**Exercise goal**: Please print the entries below exactly, from the line with "Ta' Tereza In Manwel Dimech Vendégház 4*" through the line with "O2-Lambdasonden-Adapter 8° M18x1,5", including both of those lines and leaving out all others.
>>>>>
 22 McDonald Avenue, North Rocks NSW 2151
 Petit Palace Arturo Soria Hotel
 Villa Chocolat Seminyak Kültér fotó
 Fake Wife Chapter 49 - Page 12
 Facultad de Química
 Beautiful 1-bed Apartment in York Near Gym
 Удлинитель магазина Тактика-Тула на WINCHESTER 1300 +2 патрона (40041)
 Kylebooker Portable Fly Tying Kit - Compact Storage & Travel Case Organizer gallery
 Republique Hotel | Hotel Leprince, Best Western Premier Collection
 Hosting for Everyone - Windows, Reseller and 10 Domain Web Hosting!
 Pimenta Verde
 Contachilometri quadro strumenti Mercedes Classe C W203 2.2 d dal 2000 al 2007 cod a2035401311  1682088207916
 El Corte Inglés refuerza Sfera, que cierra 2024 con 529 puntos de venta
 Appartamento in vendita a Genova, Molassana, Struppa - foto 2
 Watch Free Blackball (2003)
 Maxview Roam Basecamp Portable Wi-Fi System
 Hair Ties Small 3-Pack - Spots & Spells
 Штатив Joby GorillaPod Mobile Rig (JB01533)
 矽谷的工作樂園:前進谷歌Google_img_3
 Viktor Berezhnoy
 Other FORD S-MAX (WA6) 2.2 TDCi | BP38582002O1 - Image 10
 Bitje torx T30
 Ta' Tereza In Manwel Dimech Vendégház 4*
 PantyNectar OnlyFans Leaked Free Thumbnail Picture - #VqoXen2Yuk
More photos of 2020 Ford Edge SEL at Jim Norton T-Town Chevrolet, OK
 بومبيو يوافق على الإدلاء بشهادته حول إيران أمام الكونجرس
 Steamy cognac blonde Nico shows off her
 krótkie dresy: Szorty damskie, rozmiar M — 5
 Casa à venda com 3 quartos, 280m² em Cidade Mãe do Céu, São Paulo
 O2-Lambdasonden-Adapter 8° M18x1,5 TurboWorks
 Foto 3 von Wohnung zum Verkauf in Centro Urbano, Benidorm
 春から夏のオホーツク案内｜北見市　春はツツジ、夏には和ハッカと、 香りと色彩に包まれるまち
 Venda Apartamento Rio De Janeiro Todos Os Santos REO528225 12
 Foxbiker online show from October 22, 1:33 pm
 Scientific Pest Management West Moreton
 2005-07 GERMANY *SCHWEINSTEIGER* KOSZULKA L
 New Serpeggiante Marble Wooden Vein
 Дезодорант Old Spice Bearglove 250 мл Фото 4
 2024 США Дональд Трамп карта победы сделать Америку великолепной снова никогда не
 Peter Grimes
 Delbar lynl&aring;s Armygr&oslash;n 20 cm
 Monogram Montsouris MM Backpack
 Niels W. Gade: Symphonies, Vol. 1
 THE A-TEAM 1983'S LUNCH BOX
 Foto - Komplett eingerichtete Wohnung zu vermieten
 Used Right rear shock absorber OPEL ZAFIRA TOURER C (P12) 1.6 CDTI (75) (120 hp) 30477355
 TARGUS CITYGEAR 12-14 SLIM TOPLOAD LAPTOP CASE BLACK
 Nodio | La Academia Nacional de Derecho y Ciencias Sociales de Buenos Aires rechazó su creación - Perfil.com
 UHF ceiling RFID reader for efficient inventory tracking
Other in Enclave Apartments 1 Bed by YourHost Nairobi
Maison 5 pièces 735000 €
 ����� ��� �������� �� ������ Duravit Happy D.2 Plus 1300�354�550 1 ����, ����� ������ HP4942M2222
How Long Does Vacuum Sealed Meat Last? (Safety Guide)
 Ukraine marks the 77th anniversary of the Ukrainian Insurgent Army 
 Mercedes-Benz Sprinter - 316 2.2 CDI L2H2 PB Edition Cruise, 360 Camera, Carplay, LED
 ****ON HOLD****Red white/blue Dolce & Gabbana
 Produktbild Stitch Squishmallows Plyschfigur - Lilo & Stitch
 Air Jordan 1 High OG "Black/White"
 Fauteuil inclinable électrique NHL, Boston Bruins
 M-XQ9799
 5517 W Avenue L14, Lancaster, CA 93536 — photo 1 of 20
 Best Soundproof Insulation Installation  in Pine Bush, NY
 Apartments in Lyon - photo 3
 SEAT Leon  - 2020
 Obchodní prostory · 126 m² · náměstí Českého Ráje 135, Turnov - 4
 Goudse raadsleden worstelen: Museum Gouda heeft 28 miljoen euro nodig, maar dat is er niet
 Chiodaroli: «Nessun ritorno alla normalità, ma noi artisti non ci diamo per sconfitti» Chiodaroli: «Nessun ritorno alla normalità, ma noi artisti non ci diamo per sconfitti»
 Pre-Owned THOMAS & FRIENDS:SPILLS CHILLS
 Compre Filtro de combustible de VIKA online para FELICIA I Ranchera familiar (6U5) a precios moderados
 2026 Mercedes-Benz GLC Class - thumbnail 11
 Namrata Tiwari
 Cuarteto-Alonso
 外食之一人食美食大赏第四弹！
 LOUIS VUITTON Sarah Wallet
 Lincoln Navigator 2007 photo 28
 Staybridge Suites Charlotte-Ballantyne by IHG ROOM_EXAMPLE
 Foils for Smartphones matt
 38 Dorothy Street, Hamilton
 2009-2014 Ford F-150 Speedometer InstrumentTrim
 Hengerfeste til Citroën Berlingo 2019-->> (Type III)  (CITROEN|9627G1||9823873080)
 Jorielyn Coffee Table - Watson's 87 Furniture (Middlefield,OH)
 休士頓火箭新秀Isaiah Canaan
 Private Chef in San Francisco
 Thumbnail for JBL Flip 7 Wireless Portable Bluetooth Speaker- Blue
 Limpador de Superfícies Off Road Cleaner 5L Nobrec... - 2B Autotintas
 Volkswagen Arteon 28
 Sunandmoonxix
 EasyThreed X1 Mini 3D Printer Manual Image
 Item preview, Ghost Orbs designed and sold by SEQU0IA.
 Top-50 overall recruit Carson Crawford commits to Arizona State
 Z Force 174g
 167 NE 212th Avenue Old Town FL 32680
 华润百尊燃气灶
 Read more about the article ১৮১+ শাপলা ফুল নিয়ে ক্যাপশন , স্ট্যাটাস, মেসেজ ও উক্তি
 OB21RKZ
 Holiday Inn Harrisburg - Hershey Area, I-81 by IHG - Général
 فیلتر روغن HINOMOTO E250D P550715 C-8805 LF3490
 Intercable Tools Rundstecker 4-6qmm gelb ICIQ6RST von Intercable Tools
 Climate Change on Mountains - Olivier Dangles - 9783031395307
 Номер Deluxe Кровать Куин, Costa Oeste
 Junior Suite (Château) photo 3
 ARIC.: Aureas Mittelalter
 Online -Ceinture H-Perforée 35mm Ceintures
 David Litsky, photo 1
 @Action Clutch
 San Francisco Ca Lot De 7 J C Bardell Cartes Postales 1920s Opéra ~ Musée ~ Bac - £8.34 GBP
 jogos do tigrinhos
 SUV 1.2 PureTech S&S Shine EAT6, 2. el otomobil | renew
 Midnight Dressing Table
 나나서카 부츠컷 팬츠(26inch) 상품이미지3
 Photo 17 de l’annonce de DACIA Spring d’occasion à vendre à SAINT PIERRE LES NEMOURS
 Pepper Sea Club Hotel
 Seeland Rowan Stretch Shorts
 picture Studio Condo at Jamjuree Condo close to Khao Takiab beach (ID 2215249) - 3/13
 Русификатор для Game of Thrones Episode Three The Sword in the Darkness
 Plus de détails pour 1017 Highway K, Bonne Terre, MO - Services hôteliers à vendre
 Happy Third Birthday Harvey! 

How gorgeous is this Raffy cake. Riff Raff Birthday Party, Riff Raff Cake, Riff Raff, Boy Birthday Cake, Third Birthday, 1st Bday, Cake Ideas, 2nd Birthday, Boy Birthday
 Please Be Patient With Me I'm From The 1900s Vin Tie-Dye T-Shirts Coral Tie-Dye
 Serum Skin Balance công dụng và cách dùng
<<<<<
**Exercise answer**:
 Ta' Tereza In Manwel Dimech Vendégház 4*
 PantyNectar OnlyFans Leaked Free Thumbnail Picture - #VqoXen2Yuk
More photos of 2020 Ford Edge SEL at Jim Norton T-Town Chevrolet, OK
 بومبيو يوافق على الإدلاء بشهادته حول إيران أمام الكونجرس
 Steamy cognac blonde Nico shows off her
 krótkie dresy: Szorty damskie, rozmiar M — 5
 Casa à venda com 3 quartos, 280m² em Cidade Mãe do Céu, São Paulo
 O2-Lambdasonden-Adapter 8° M18x1,5 TurboWorks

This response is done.